Without including any picture, transcribe the entries below word for word.
[Provided information — start]
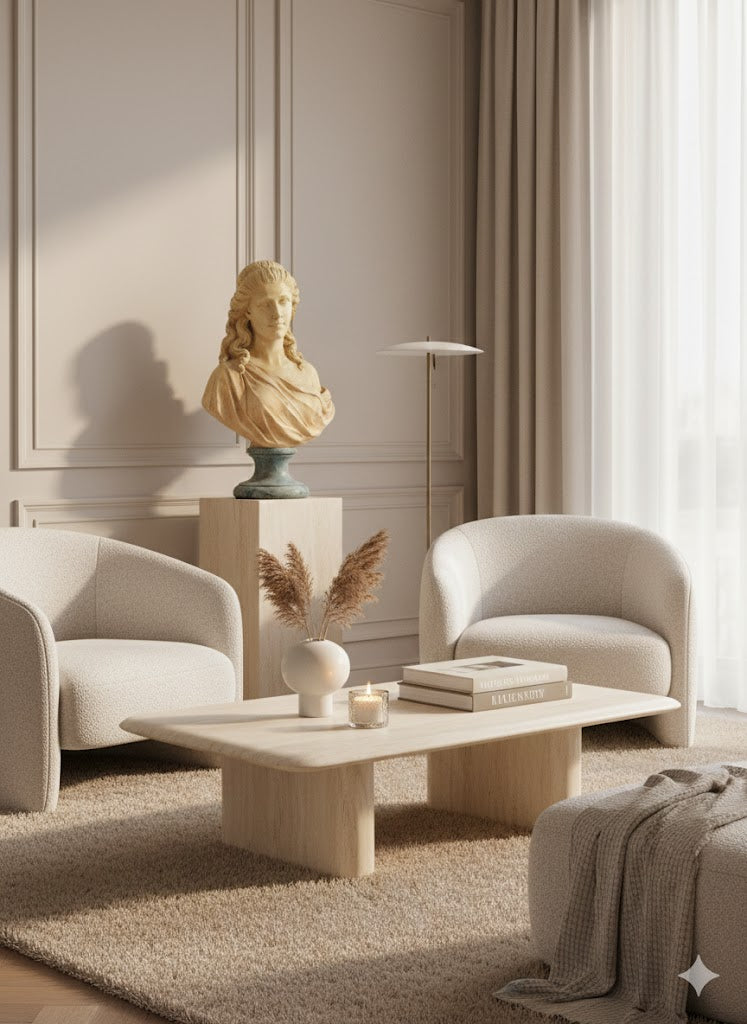 Decorative bust of a female figure with curled hair and classical garment, featuring an aged cream patina and blue-stone/verdigris base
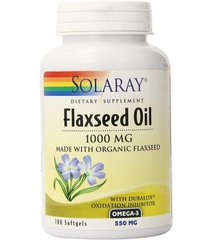 Льняное масло Flaxseed Oil Solaray 1000 мг 100 капсул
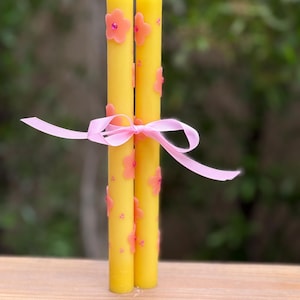 Spring Flower Collection, Yellow Candles, Set of 2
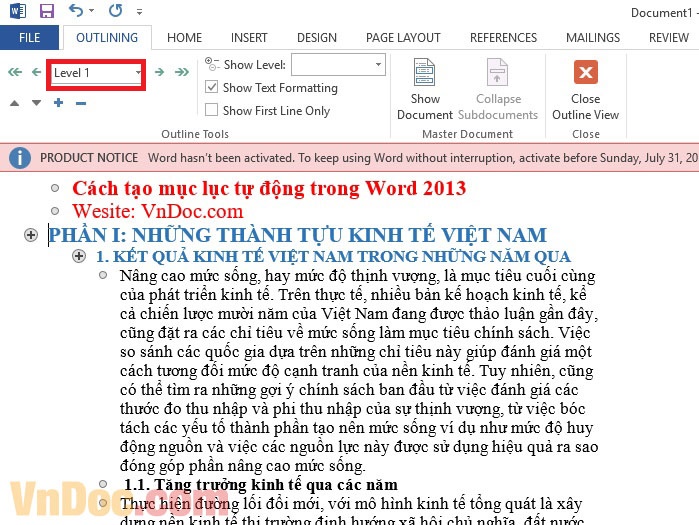 Cách tạo mục lục tự động trong Word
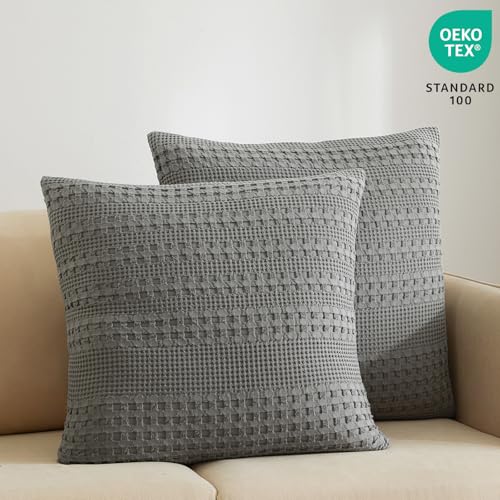 PHF 100% Cotton Waffle Weave Pillow Covers 24" x 24", 2 Pack Luxury Square Shell for Elegant Home Decor, No Filling, Luxury Aesthetic Soft Pillow Covers for Bed, Dark Grey - color: Dark Grey, size: 24" x 24" (Pack of 2)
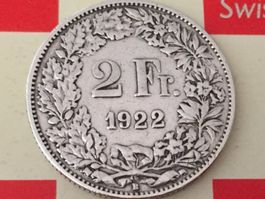 2 Franken 1922 ss+, selten nur 0,4 Mio!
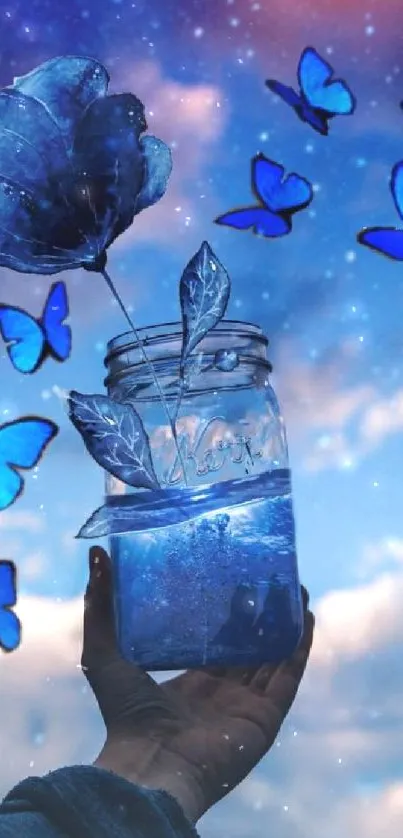 Blue butterflies and jar in mystical starry sky wallpaper.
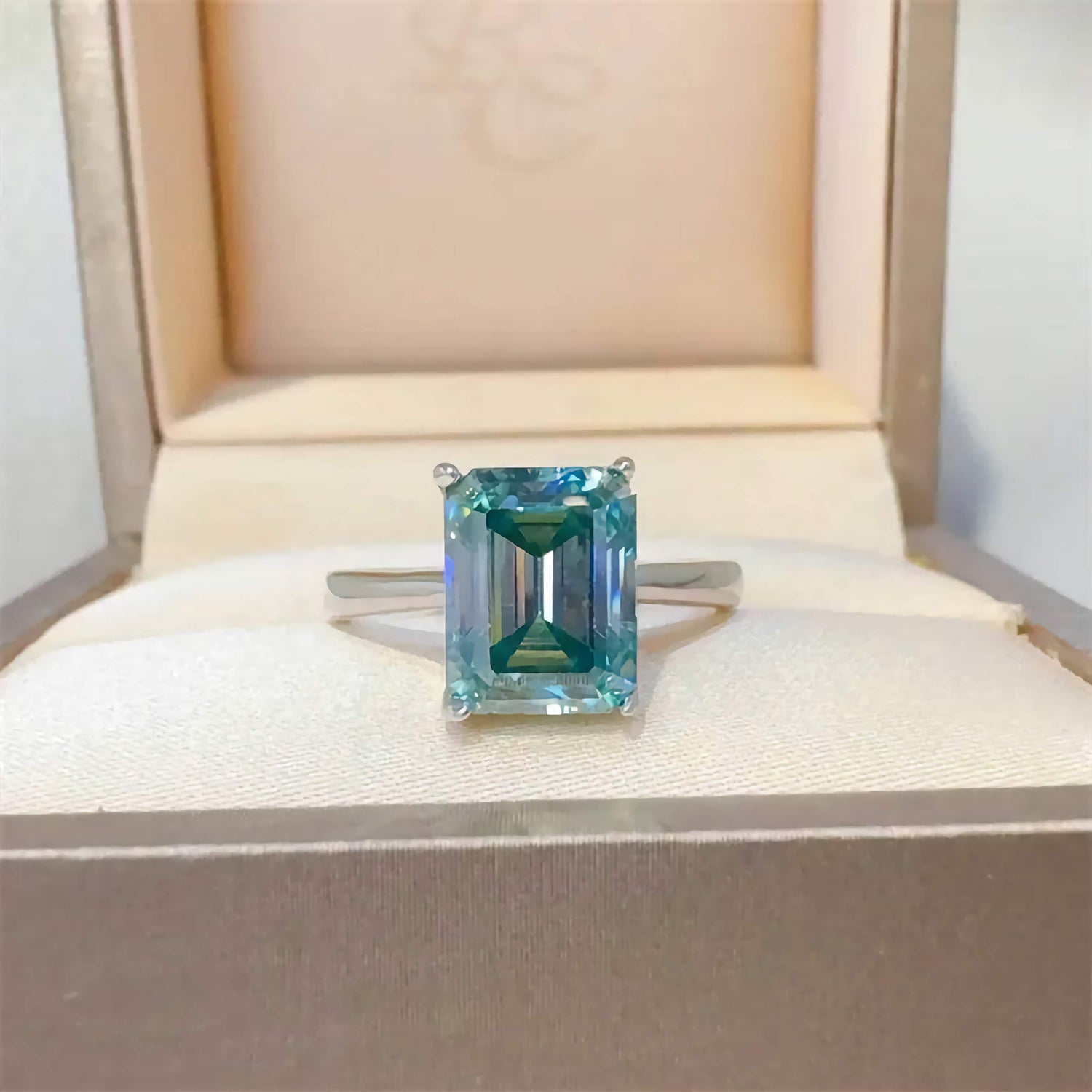 Premierify™ Sovereign Glow ring – emerald-cut moissanite engagement ring set in platinum-plated 925 sterling silver with 4-prong design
[Provided information — finish]
* Your response
 Decorative bust of a female figure with curled hair and classical garment, featuring an aged cream patina and blue-stone/verdigris base
 Льняное масло Flaxseed Oil Solaray 1000 мг 100 капсул
 Spring Flower Collection, Yellow Candles, Set of 2
 Cách tạo mục lục tự động trong Word
 PHF 100% Cotton Waffle Weave Pillow Covers 24" x 24", 2 Pack Luxury Square Shell for Elegant Home Decor, No Filling, Luxury Aesthetic Soft Pillow Covers for Bed, Dark Grey - color: Dark Grey, size: 24" x 24" (Pack of 2)
 2 Franken 1922 ss+, selten nur 0,4 Mio!
 Blue butterflies and jar in mystical starry sky wallpaper.
 Premierify™ Sovereign Glow ring – emerald-cut moissanite engagement ring set in platinum-plated 925 sterling silver with 4-prong design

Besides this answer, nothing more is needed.